The catalytic properties of supported vanadium-oxide catalysts are strongly influenced by the configuration of surface vanadia. The surface configuration is highly dependent on what metal oxide is used as the support; acidic supports lead to the formation of isolated vanadyl groups, polymeric vanadyl chains, and eventually over-layer crystals, e.g. V2O5, at high loadings, while basic supports can lead to mixed metal-oxide phases due to the strong interaction between the support and vanadia. While much work has been done comparing various supports (MgO, SiO2, Al2O3, etc.), few studies have compared different morphologies for the same oxide support. Aerogel techniques are capable of producing metal oxides with extremely high surface areas and unique surface chemistries. It is highly likely that the interaction between vanadium and aerogel-prepared metal oxides differs from the interaction with conventional metal oxides. For instance, it might be expected that aerogel-prepared metal oxides would be better able to disperse vanadyl groups due to enhanced surface area. Morphology changes for the same metal oxide might, therefore, lead to different vanadium surface structures and catalytic properties. This work studies how using an aerogel technique to prepare SiO2 and MgO affects the surface configuration and catalytic properties of vanadium in V/SiO2 and V/MgO catalysts. Both types of catalysts were prepared by the incipient wetness method and were characterized by BET, DRIFT-IR, Raman spectroscopy, XRD and H2-TPR. Chemical properties of the catalysts were probed by means of methanol partial oxidation.

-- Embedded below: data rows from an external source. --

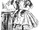 Alice par John Tenniel 04.png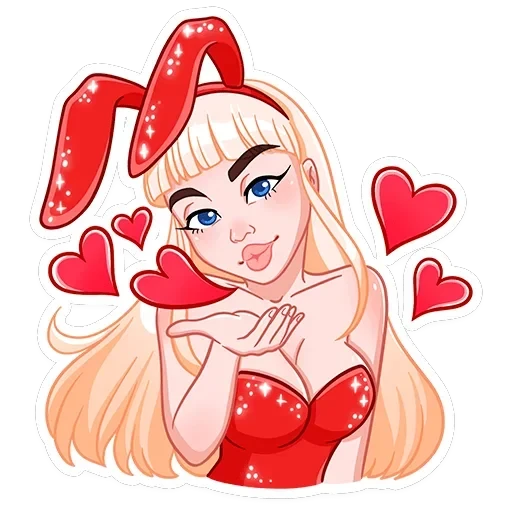 Каталина — 7
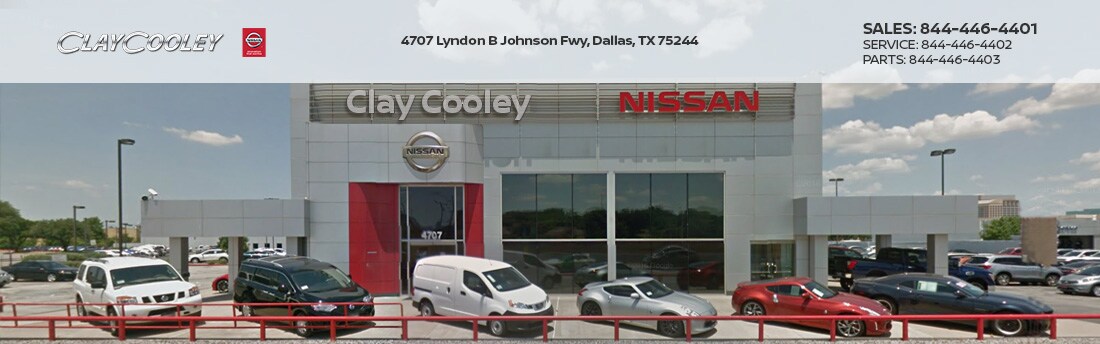 Nissan-Dallas-store-front.jpg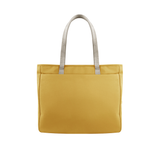  Túi Vải UNIQ HAVA RPET FABRIC TOTE BAG 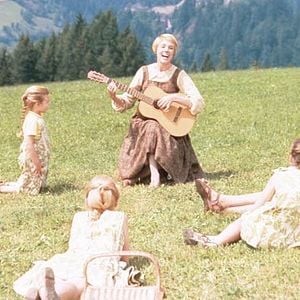 Fotoğraf Neşeli Günler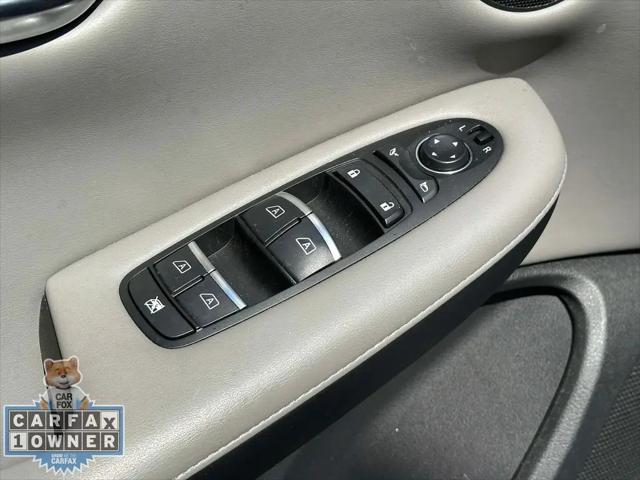 2023 INFINITI QX50 LUXE AWD
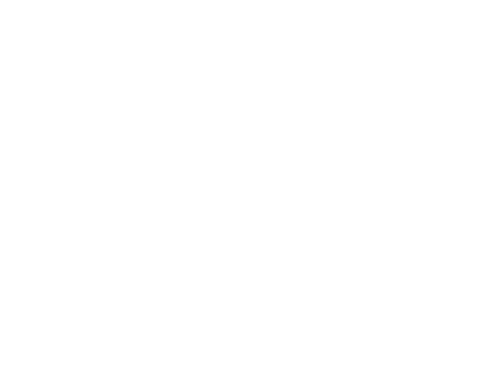 Titolo Titolo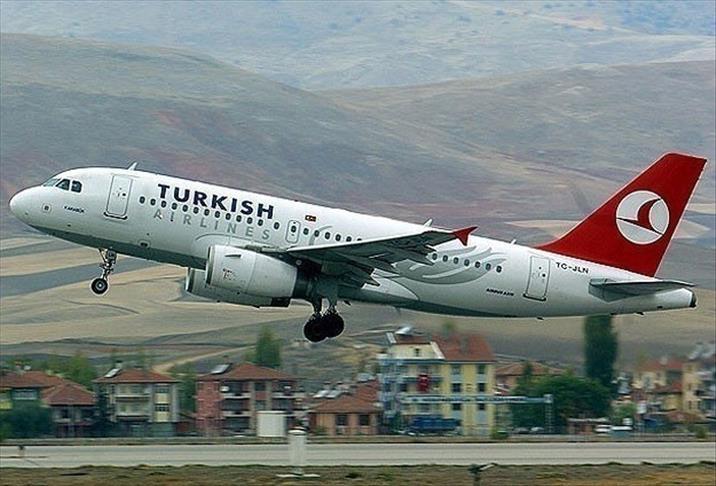 Dış Hat Uçuşları Ne Zaman Başlayacak?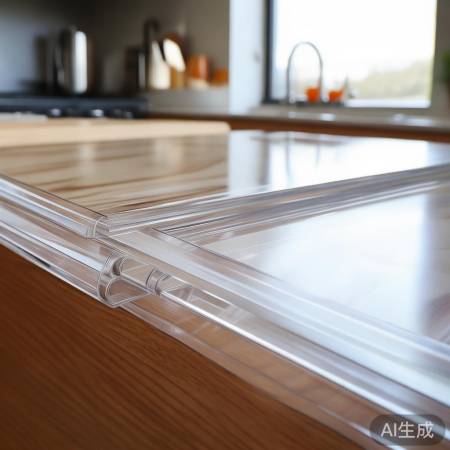 环保封边条,健康生活选!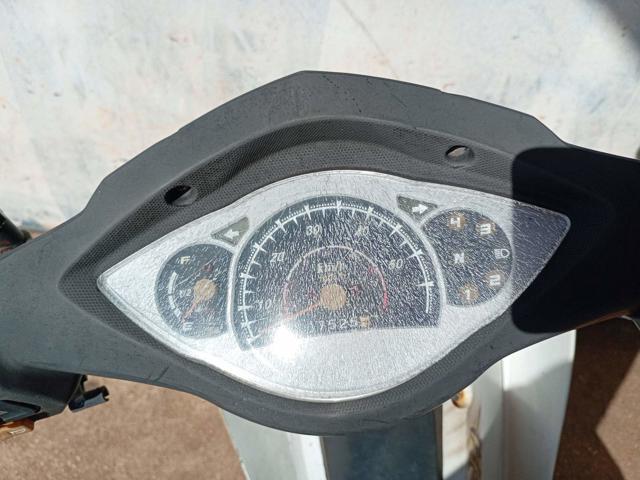 TRAXX JL50Q-8 - 2013/2013 — foto 7 de 16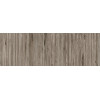 Плитка настенная 120x40 11мм Rlv. Rovere Bark Rect. матовая Pamesa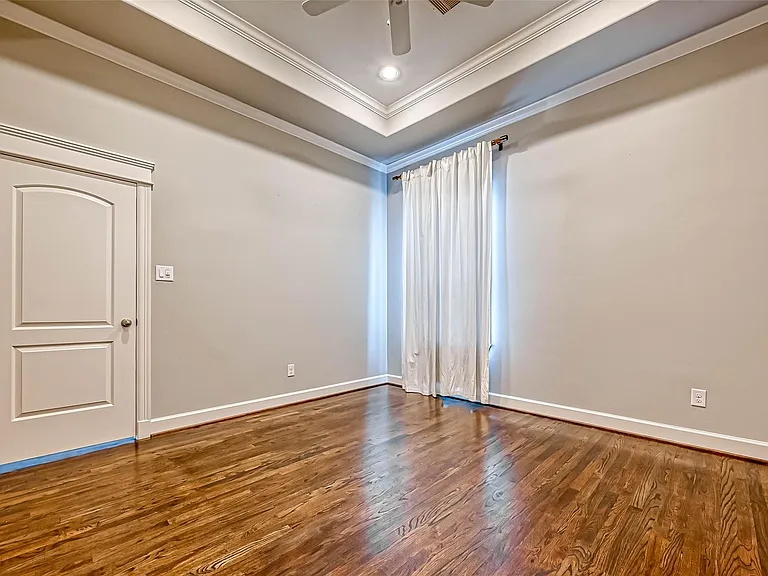 2113 Bidwell Dr — Photo 42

The surface structures of V/SiO2 catalysts appeared to be identical on both types of silica supports at low vanadia loadings, with isolated three-legged (SiO)3V=O groups. At high loadings, various vanadia phases, including isolated VO4 and crystalline V2O5, may form on both aerogel and conventionally prepared silica supports. However, a small but clear Raman peak at ~1040 cm-1 was noted only for conventionally prepared catalysts; this is attributed to the formation of V2O5 • nH2O gels resulting from the hydration of monovanadate groups and/or V2O5. These results suggest that there may be only isolated VO4 groups on aerogel-prepared silica for all weight loadings, while vanadium aggregates at high weight loadings on conventional silica.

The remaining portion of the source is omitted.